Hey SushilI will do my best. Whether a port is tagged or not is dependent mainly on how many VLANs are on a particular port. The standard for this is based on 802.1Q.The standard states that on any given port you can have one untagged VLAN. This means that you can have one VLAN per port and there is no need to tag the port. Tagging means that the port will send out a packet with a header that has a tag number that matches the VLAN tag number. If there is only one VLAN there is no need to distinguish what VLAN the traffic is for as there is only one. When there are more than one VLAN per port the port must differentiate what VLAN each packet is destined to. So for example if we have 3 VLANs on port 1 VL1, VL2, VL3 and I am sending out a packet on each one I have to have a way to tell the other side which packet is for which VLAN. So if the .1Q tag for VL1 is 1 and for VL2 is 2 and VL3 is 3 then the port will insert a header with the right tag number on each packet.
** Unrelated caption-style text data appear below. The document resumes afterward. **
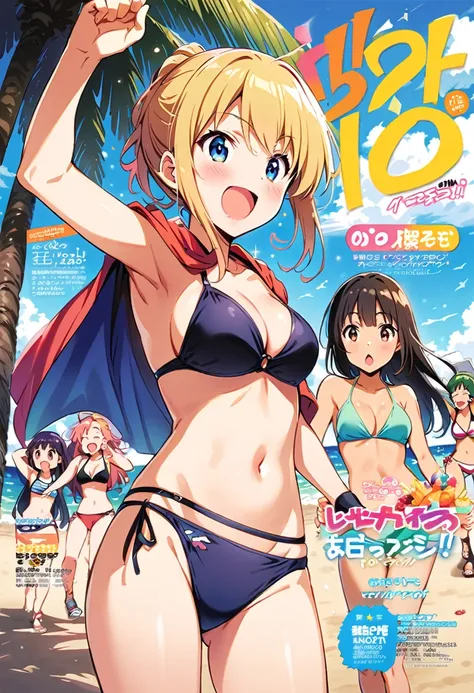 sleeve cape, beach scene, Girls in bikini, hot girls, Cute, high school girls in bikinis on the beach, celebration, boys and girls, hot girls, Shonen Magazine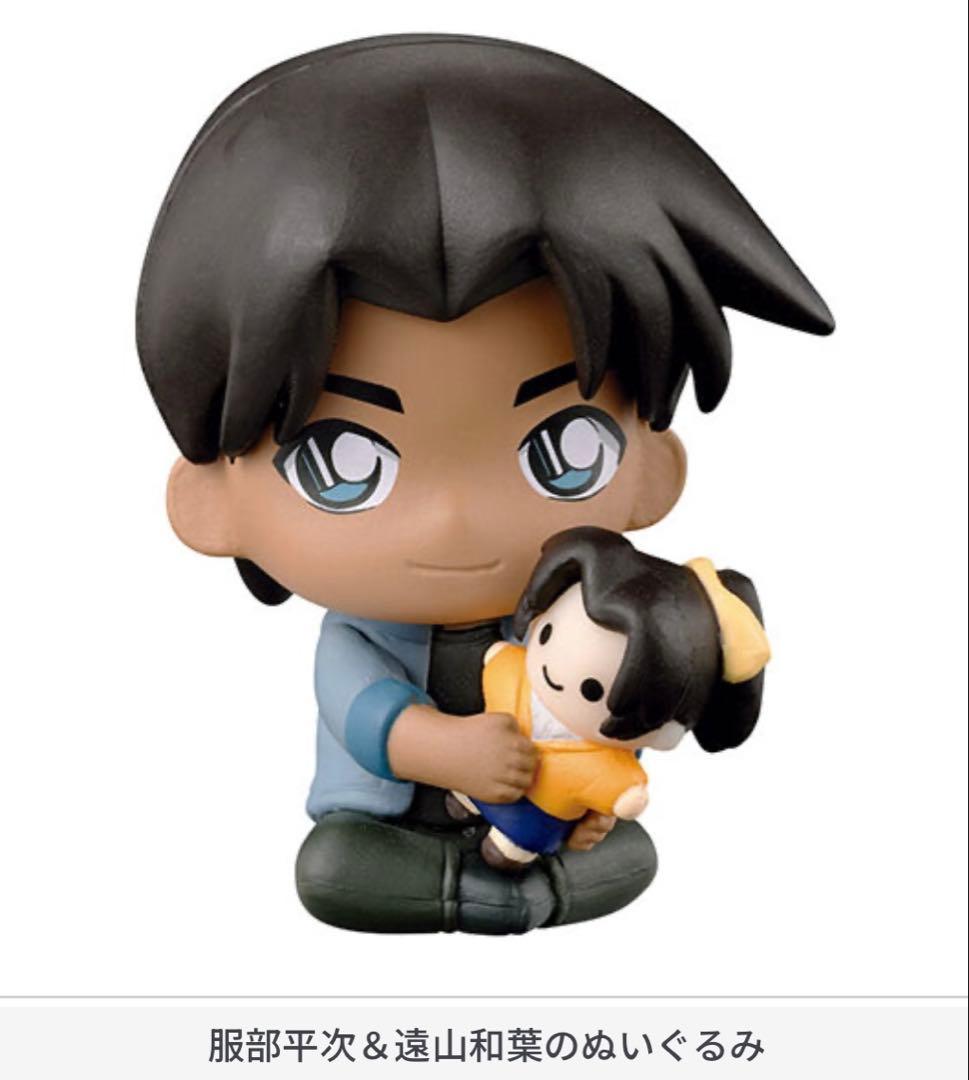Detective Conan Gyu-cot Gashapon Figures Case Closed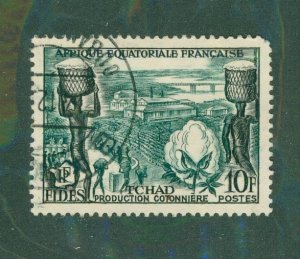 French Equatorial Africa 190 USED BIN$ 0.50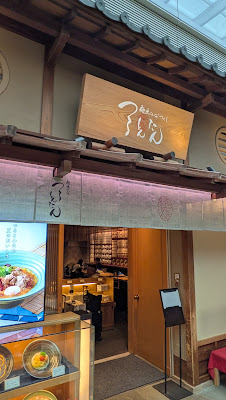 츠루동탄 하네다공항점 사진 3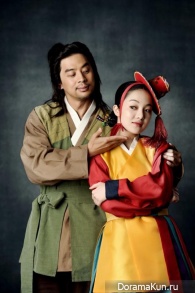 Arang and the Magistrate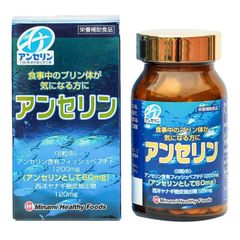 Viên uống hỗ trợ trị Gout Anserine Minami 240 viên Nhật Bản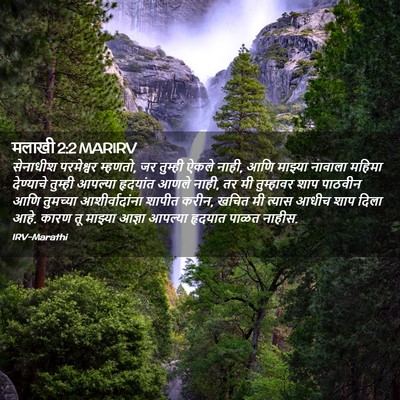 Picture 02 - मलाखी 2:2 MARIRV - सेनाधीश परमेश्वर - Bible Verse Picture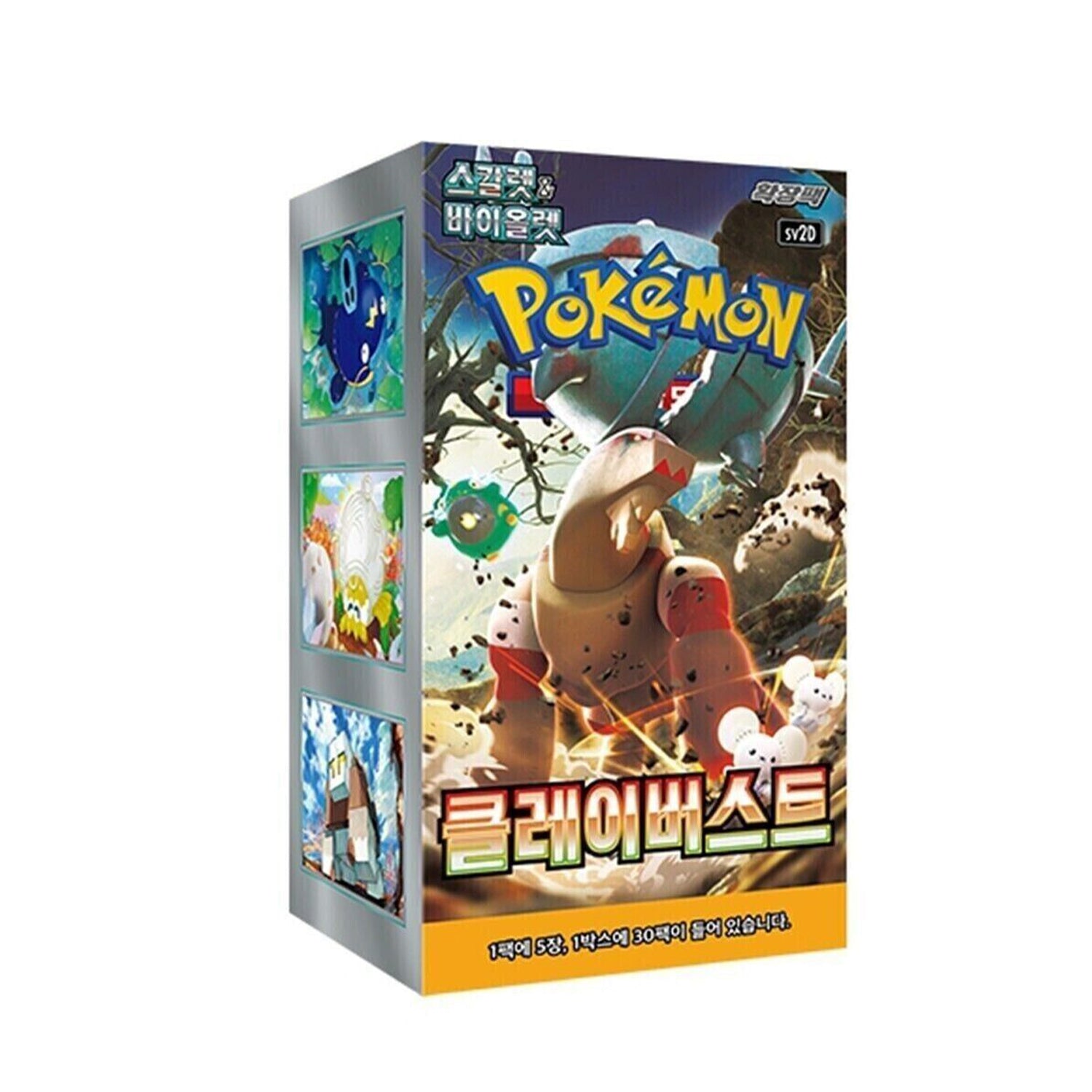 Pokémon Clay Burst SV2D Korean Booster Box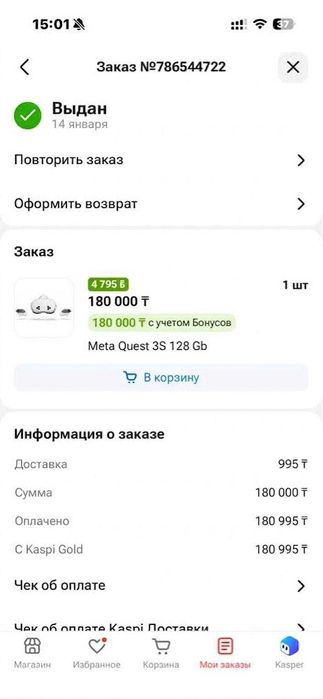 Meta Quest 3S 128Gb Очки виртуальной реальности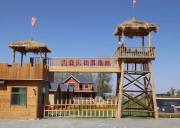 甘肅人眾人拓展基地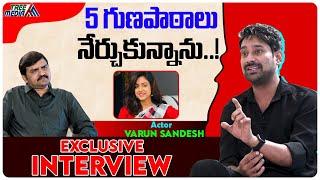 Hero Varun Sandesh Special Interview | Vithika Sheru | Tollywood Interviews | Tree Media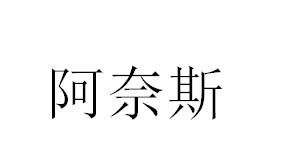 阿奈斯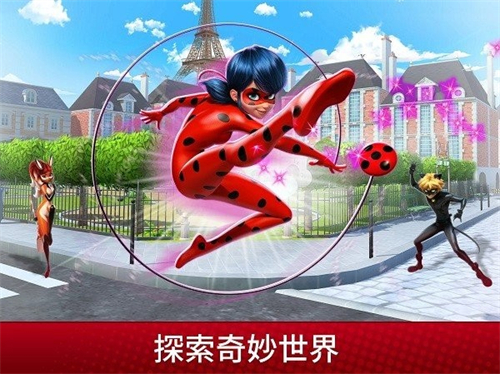 奇迹少女的生活(3)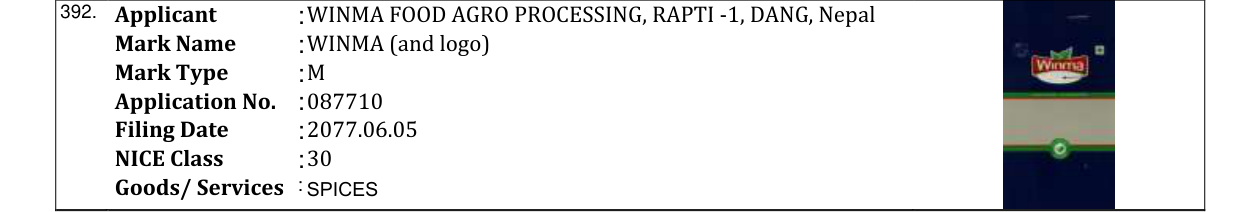 Original bulletin entry for EKA EXCEL (and logo)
The other side needs to be set up the same way and will see that if a packet of 1 comes in it will forward it on VL1.So when a port is tagged it inserts and receives packets with the 802.1Q tag for every packet that has a VLAN on it.The standard does allow for one untagged VLAN per port as mentioned above which means that you could have VL1 with no tag and VL2 and VL3 with tags because technically all three VLANs are unique. any packet that has no tag will go to VL1. This is what Cisco does with their native VLAN.Hope this helps.P (from Paul_Russo)
Userlevel 4
Create Date: Sep 27 2012 5:34AM

Thanks prusso

It really helped a lot. (from Sushil_Kaushik)
to PRusso,

best explanation I've come across, yet. Simple and to the point. Thank you!
Userlevel 3
Paul did a very good in depth explanation of tagging, but I would also like to add a quick summary:

Not that I like to reference them, but if you are familiar with Cisco IOS, tagged is the same as trunk and untagged is the same as access.